▸ **Exercise instructions**
Print every record exactly as it appears. Leave the pictures out.

▸ **Data**

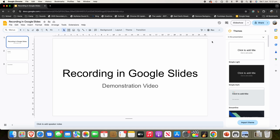Hello and welcome back to another video on Unpacked Technologies. In this video, I'm going to be showing you how to record a Google Slides presentation. Following this process will allow you to record a Google Slides presentation right from within your web browser without the need for any extra third-party extensions or applications. This works on all computers on the desktop version of Google Slides, and it's a pretty simple process, so let's get straight into it.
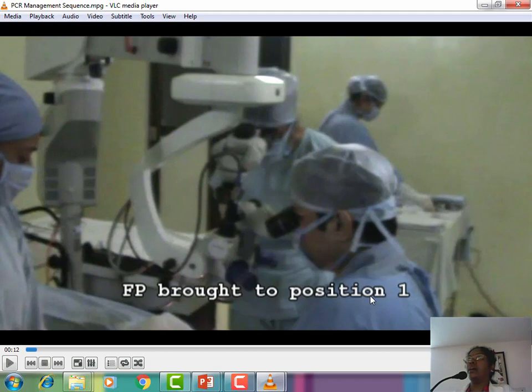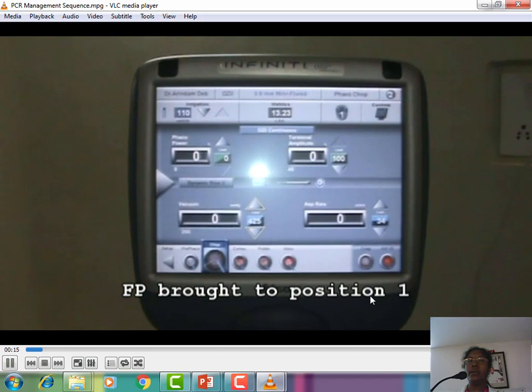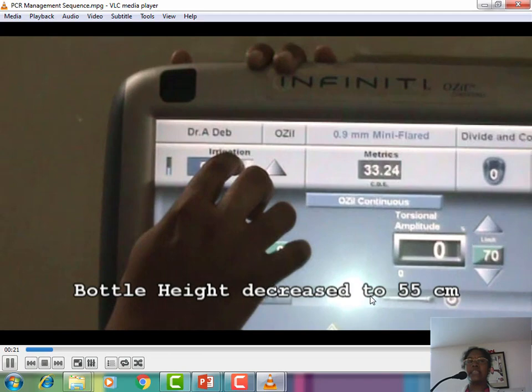If the patient is under topical anesthesia, convert to sub-Tenon's or local anesthesia to relieve pain — if there is a PCR and the patient squeezes the eye, further problems will occur. Make sure both the patient and your assistant are comfortable for a complete and successful vitrectomy. Bring foot pedal to position 1, use dispersive viscoelastic like viscoat to plug the PCR, then lower the bottle height.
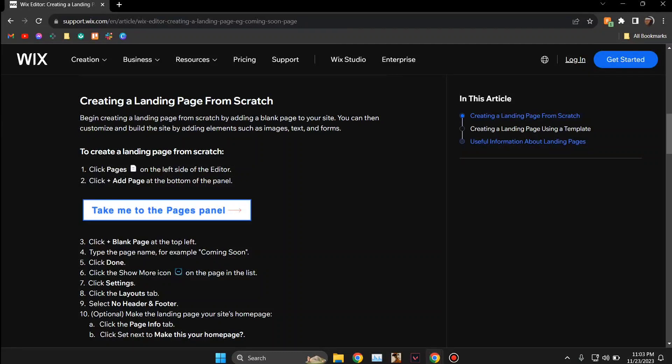Hey guys, today I'm going to tell you how to use Wix to create a landing page, so make sure you watch till the very end to understand the entire process step by step.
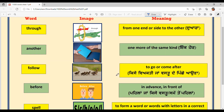Next is Follow — F-O-L-L-O-W. Follow means to go or come after. You can see a mother duck and there are baby ducks — ducklings — to go or come after, to follow behind.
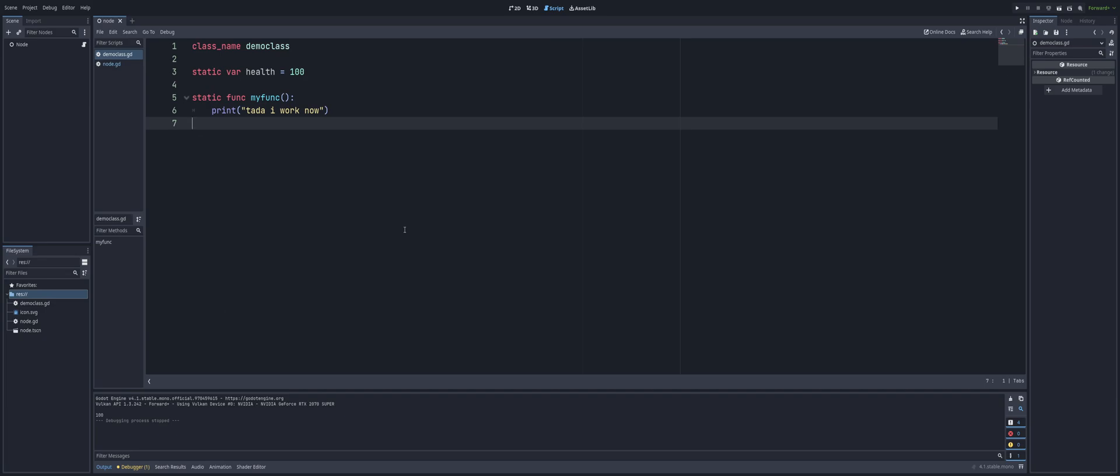That is what the new static keyword can do for you. So you can use it for your functions, you can use it for your variables, and then you're able to access those variables and functions without having to create an instance of a class. Alright, this is a quicker video here, but 4.1 just coming out and having a brand new keyword, I wanted to let you guys know what that keyword is. Maybe you don't read the patch notes and show you how to use it and why we would use this static keyword. Alright, that's it for this week. Take care, have yourselves a good one, and I'll see you guys in the next one.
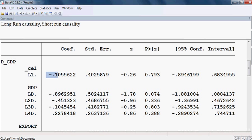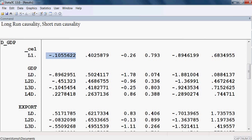The coefficient of the error correction term is negative, but the probability value is very high, meaning the error correction term is not significant. It has a negative sign but is not significant, meaning that there is no long-run causality running from export to GDP.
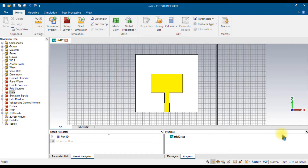Hi everyone. In this video I'm going to show you how to create a waveguide port for a microstrip patch antenna. What you see on the screen is a microstrip antenna, and I'm going to create the waveguide port to radiate this antenna.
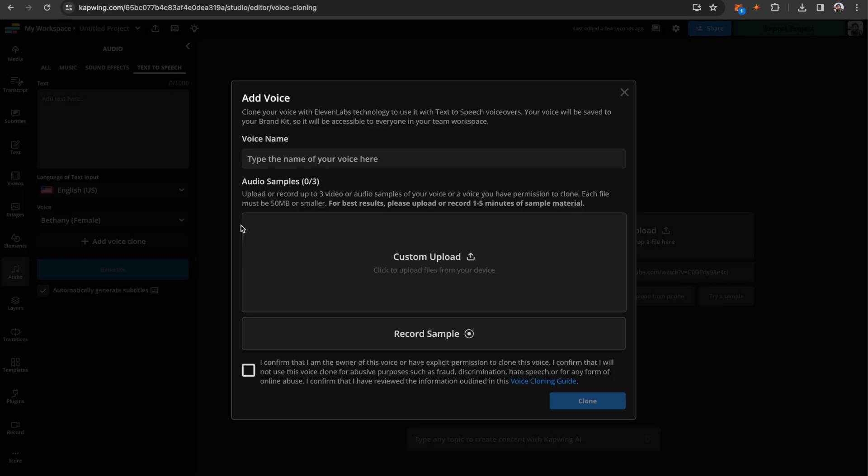you do need to have a business or enterprise account on Kapwing. You can check out the pricing on kapwing.com/pricing. So once you get that account,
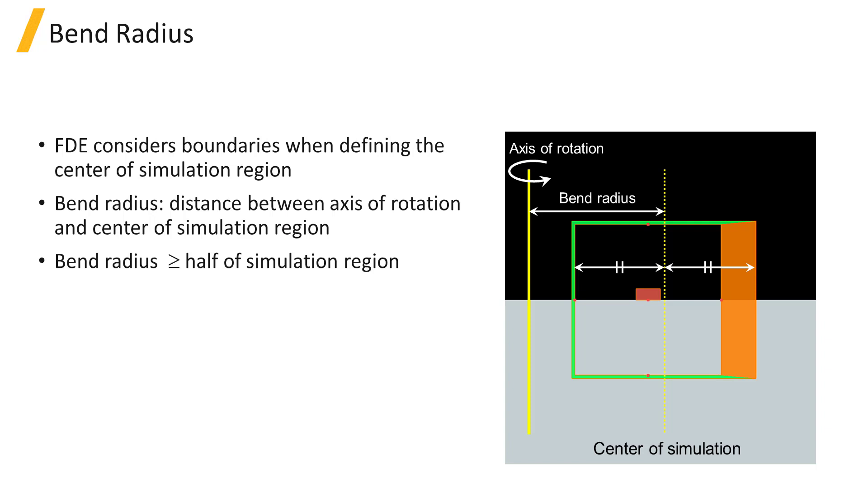As the bend radius is defined as the distance between the axis of rotation and the center of the simulation region, you need to use a bend radius that is equal or larger than half the simulation region. If you use a bend radius that is smaller than half the simulation span, the solver will use half the simulation span as its bend radius.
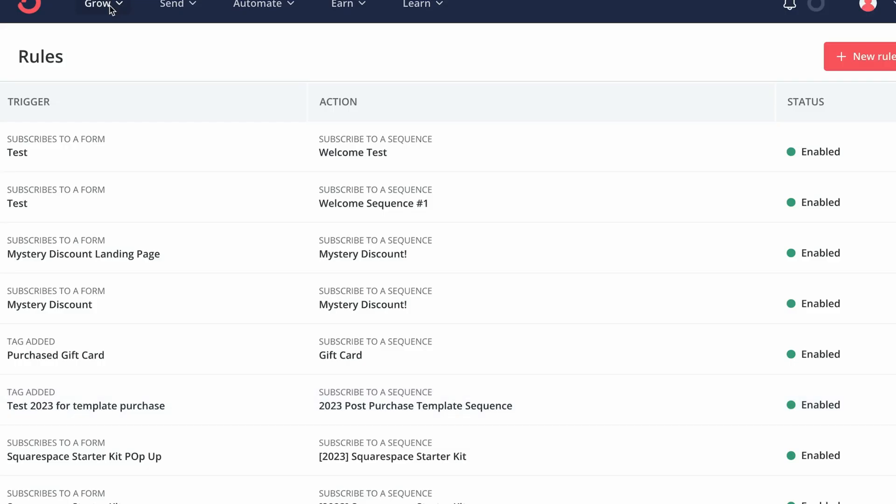Automation is all set and ready to go. So if somebody subscribes to our landing page, those emails that we just scheduled are going to go out in sequential order as we schedule them.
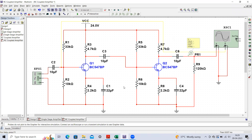Before starting, you must remember that we have chosen component values such that the transistor operates in the active region. All these components set the Q-point to be in the middle of the active region. Here you can see we have connected two transistors.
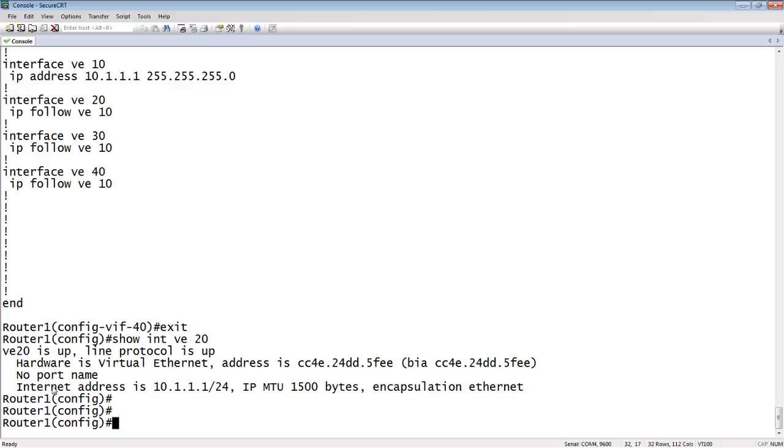So that's it for that. Fairly straightforward command. Not a lot of options here. But whatever applies to VE 10 will apply to VE 20 going forward in 30 and 40. So thanks for joining and take care.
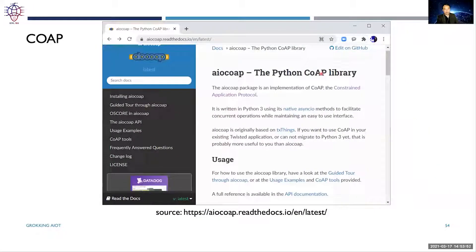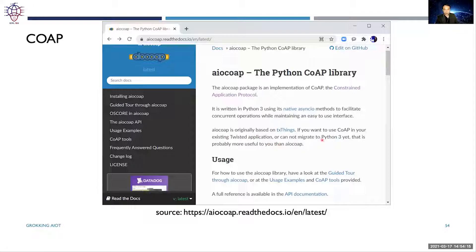There is also an asynchronous Python CoAP library called AIO CoAP, similar to AIO Pika for AMQP. It is not in the standard library packages, so you need to download a third-party package. It is written in Python 3 and documentation can be found at the project's source.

▸ **Written answer**
Hello and welcome back to another video on Unpacked Technologies. In this video, I'm going to be showing you how to record a Google Slides presentation. Following this process will allow you to record a Google Slides presentation right from within your web browser without the need for any extra third-party extensions or applications. This works on all computers on the desktop version of Google Slides, and it's a pretty simple process, so let's get straight into it.
If the patient is under topical anesthesia, convert to sub-Tenon's or local anesthesia to relieve pain — if there is a PCR and the patient squeezes the eye, further problems will occur. Make sure both the patient and your assistant are comfortable for a complete and successful vitrectomy. Bring foot pedal to position 1, use dispersive viscoelastic like viscoat to plug the PCR, then lower the bottle height.
Hey guys, today I'm going to tell you how to use Wix to create a landing page, so make sure you watch till the very end to understand the entire process step by step.
Next is Follow — F-O-L-L-O-W. Follow means to go or come after. You can see a mother duck and there are baby ducks — ducklings — to go or come after, to follow behind.
That is what the new static keyword can do for you. So you can use it for your functions, you can use it for your variables, and then you're able to access those variables and functions without having to create an instance of a class. Alright, this is a quicker video here, but 4.1 just coming out and having a brand new keyword, I wanted to let you guys know what that keyword is. Maybe you don't read the patch notes and show you how to use it and why we would use this static keyword. Alright, that's it for this week. Take care, have yourselves a good one, and I'll see you guys in the next one.
The coefficient of the error correction term is negative, but the probability value is very high, meaning the error correction term is not significant. It has a negative sign but is not significant, meaning that there is no long-run causality running from export to GDP.
Hi everyone. In this video I'm going to show you how to create a waveguide port for a microstrip patch antenna. What you see on the screen is a microstrip antenna, and I'm going to create the waveguide port to radiate this antenna.
you do need to have a business or enterprise account on Kapwing. You can check out the pricing on kapwing.com/pricing. So once you get that account,
As the bend radius is defined as the distance between the axis of rotation and the center of the simulation region, you need to use a bend radius that is equal or larger than half the simulation region. If you use a bend radius that is smaller than half the simulation span, the solver will use half the simulation span as its bend radius.
Automation is all set and ready to go. So if somebody subscribes to our landing page, those emails that we just scheduled are going to go out in sequential order as we schedule them.
Before starting, you must remember that we have chosen component values such that the transistor operates in the active region. All these components set the Q-point to be in the middle of the active region. Here you can see we have connected two transistors.
So that's it for that. Fairly straightforward command. Not a lot of options here. But whatever applies to VE 10 will apply to VE 20 going forward in 30 and 40. So thanks for joining and take care.
There is also an asynchronous Python CoAP library called AIO CoAP, similar to AIO Pika for AMQP. It is not in the standard library packages, so you need to download a third-party package. It is written in Python 3 and documentation can be found at the project's source.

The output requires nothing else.